Bimal Roy inserisce nel contesto melodrammatico un’attenta analisi psicologica tutta al femminile. Emerge, ancora una volta, il progressismo del regista: le donne sono il motore dell’azione, è attraverso loro che la macchina melodrammatica ottiene la sua forza.
Alla musica dolce che fa da accompagnamento alle vicende dei protagonisti e che da loro stessi scaturisce, fa da contrappunto un rumore assordante, che da elemento intradiegetico (sullo sfondo si intravedono saldatori al lavoro) diventa rappresentazione sonora dell’attimo di lucida follia che la protagonista sta vivendo; gli stacchi brevi, l’uso della luce intermittente, giustificata dalla presenza di una fiamma sullo sfondo, e tuttavia trasfigurata nella sua ripercussione sulla bottiglia di veleno e sul volto della donna in chiave espressionista, conferiscono alla scena il senso allucinato di un punto di non ritorno.
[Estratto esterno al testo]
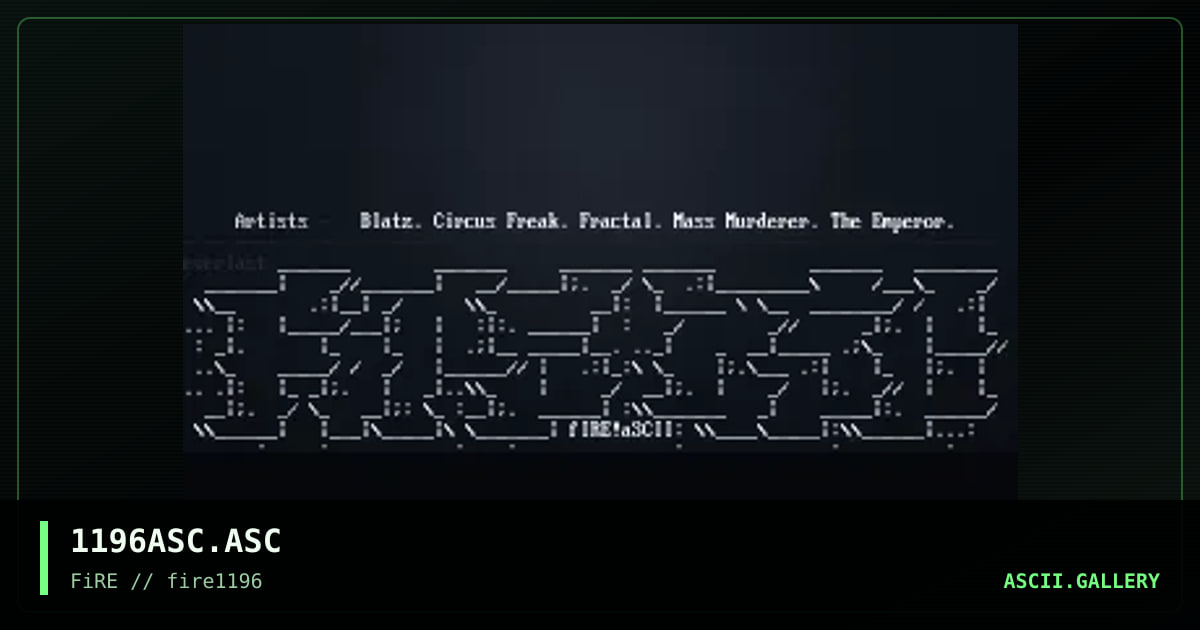 #INFO# Fire Ascii Memberlist, by everlast aka mhz, blatz, 1996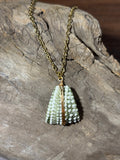 Green & White Gold Wirewrap Necklace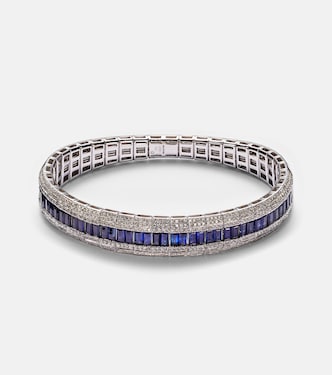 Bracelet Diamond Pave Scales Stretch en or blanc18 ct, saphirs et diamants | Shay Jewelry
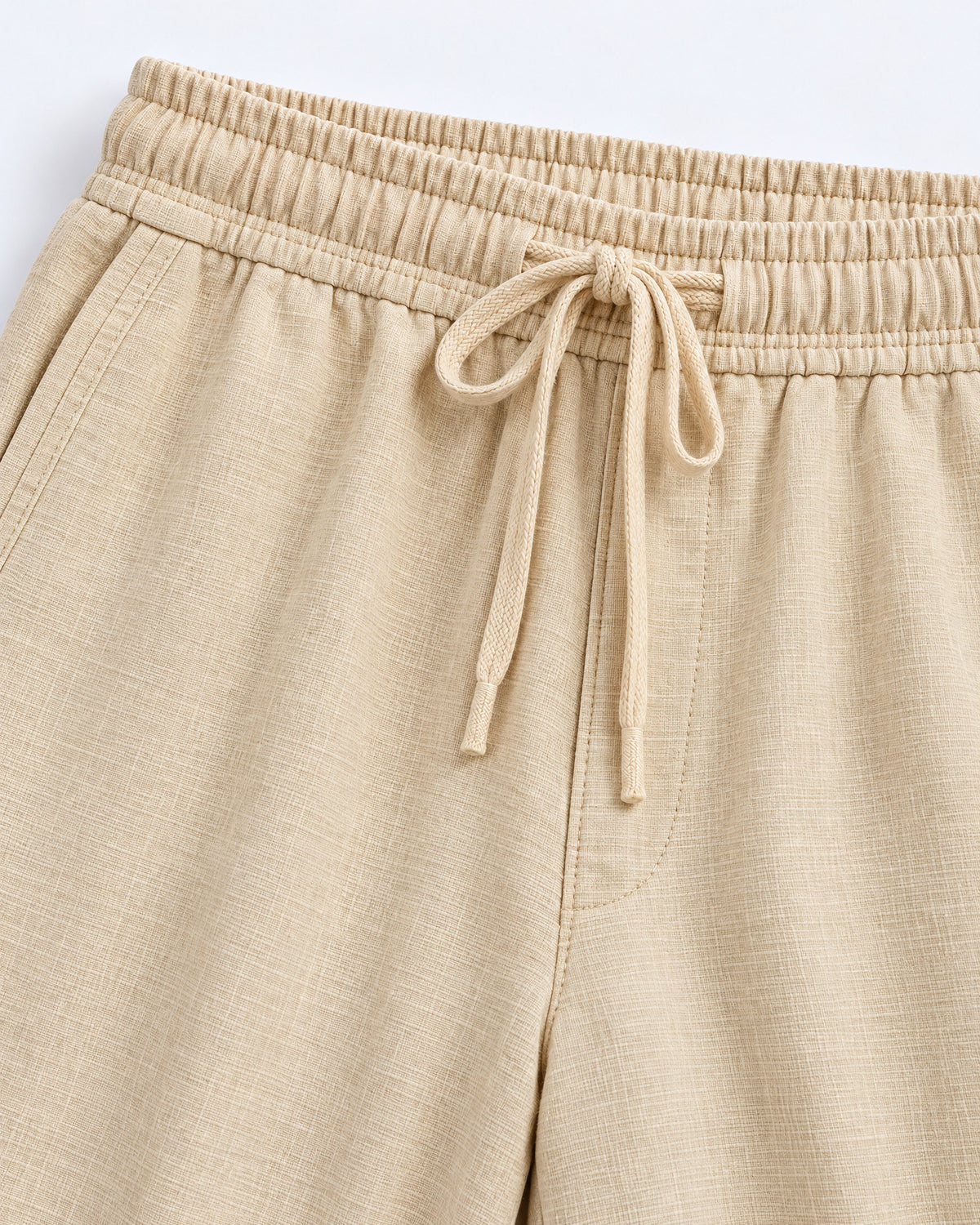 Straight-Leg Cotton Drawstring Pants for Men – close-up detail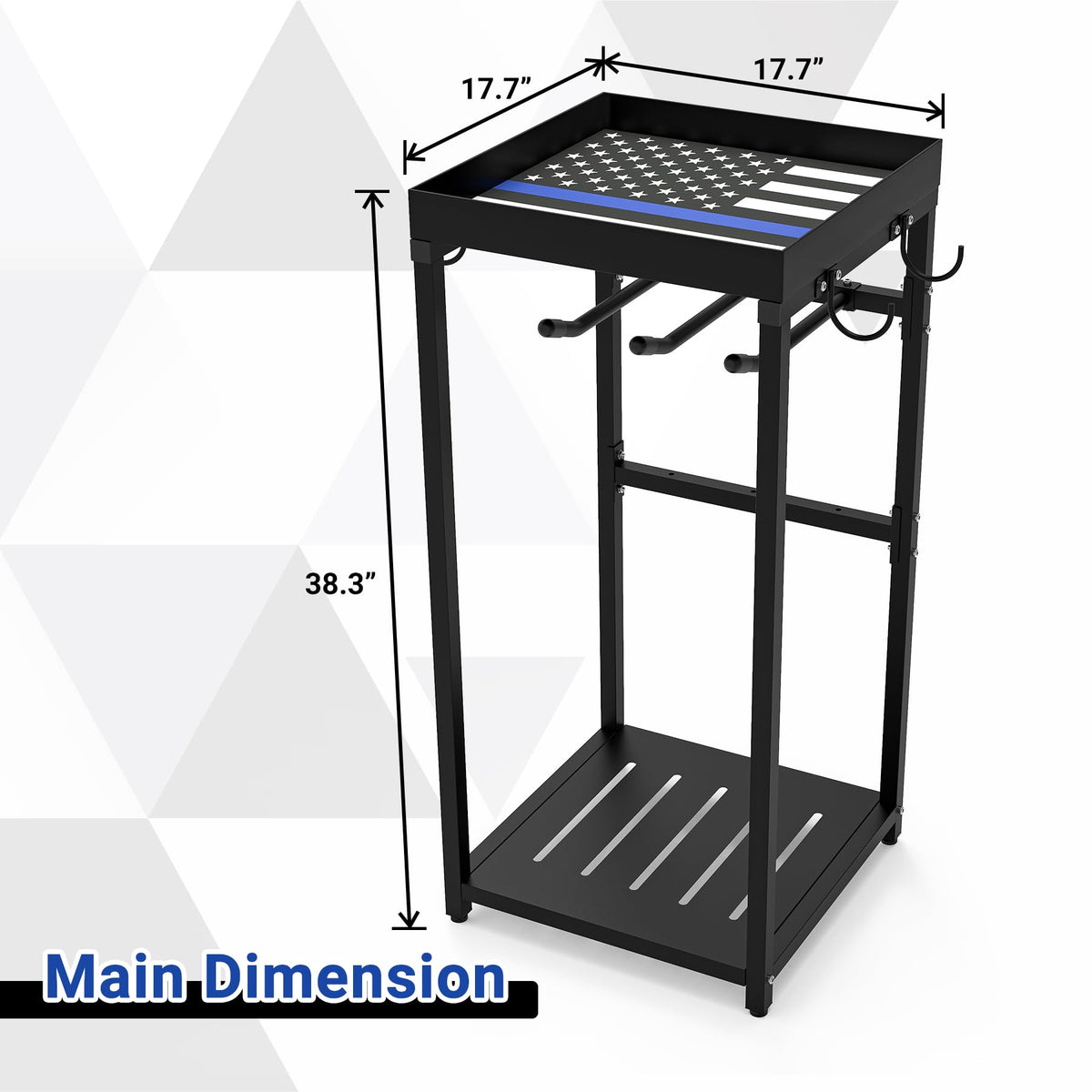 Neoaider Police Gear Stand 18” x 18” x 38”, Tactical Duty Gear Rack Decor with Thin Blue Line Flag, Black Police Hanger with 7 Hooks, Body Armor Stand for Police Gift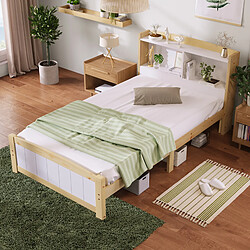 Avis KOMHTOM Lit Enfant Bois Massif 90x200 cm, Tête de Lit Rangement, Pin Naturel et Blanc, Lattes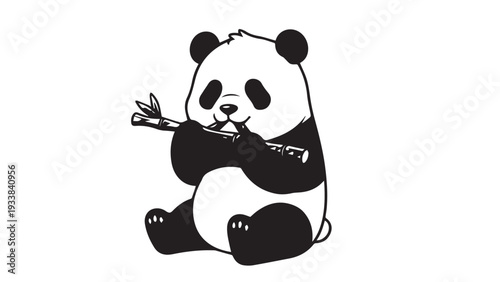 Playful panda enjoying bamboo while sitting calmly in a cartoon illustration.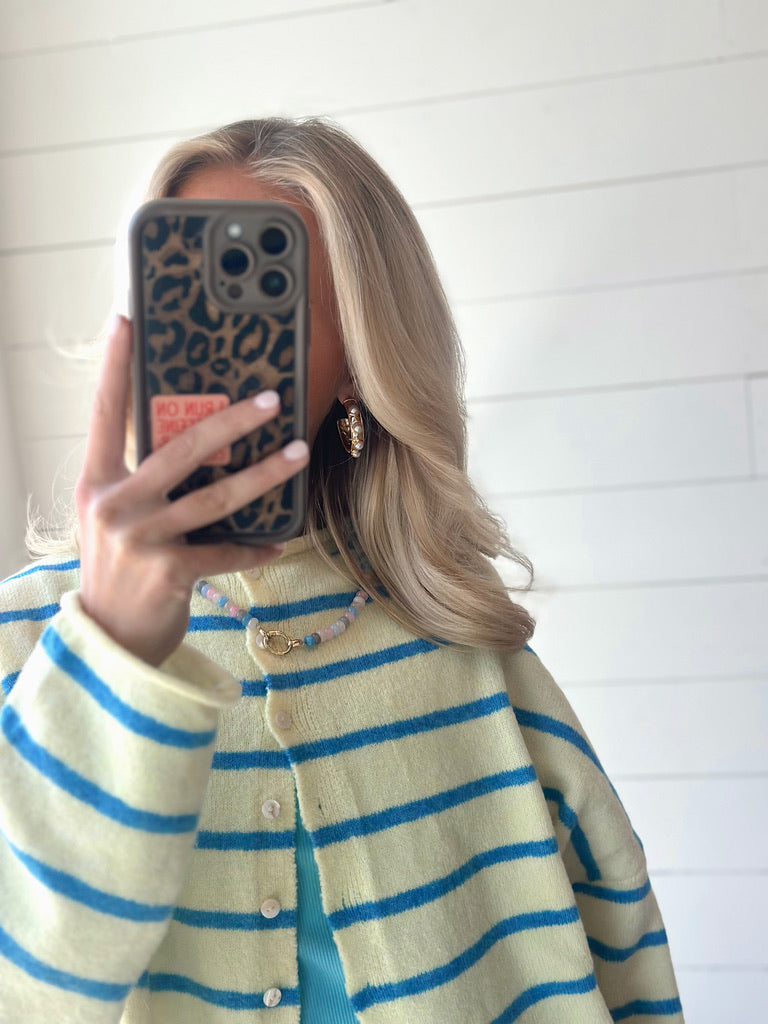 Piper Cardigan top - Pale Yellow and Blue
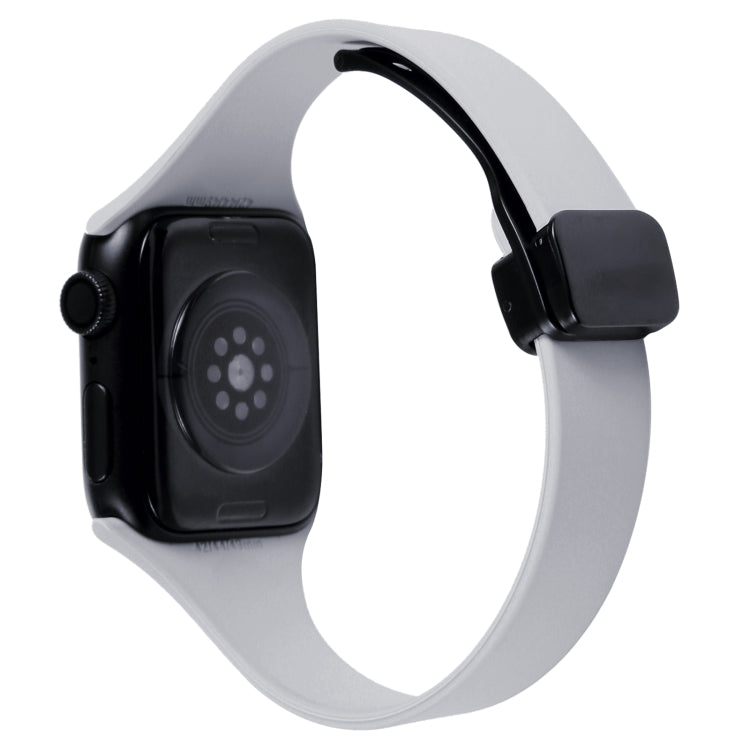 For Apple Watch SE 40mm Magnetic Buckle Slim Silicone Watch Band(Light Grey) - Watch Bands by PMC TechLife | Online Shopping South Africa | PMC TechLife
La calma sempre impressa sul volto di Kalyani vacilla quando dentro di sè realizza la possibilità di uccidere qualcuno, fino a esplodere nella scompostezza dell’isteria nel momento in cui, davanti all’uomo che ama, confesserà di essere colpevole dell’assassinio della moglie. Il melodramma nutritosi anche di quel momento, porta avanti il racconto e trascina lo spettatore verso l’ultima scena, sulla nave che porta via i due innamorati, verso una fine che sfuma nella nebbia dei sentimenti.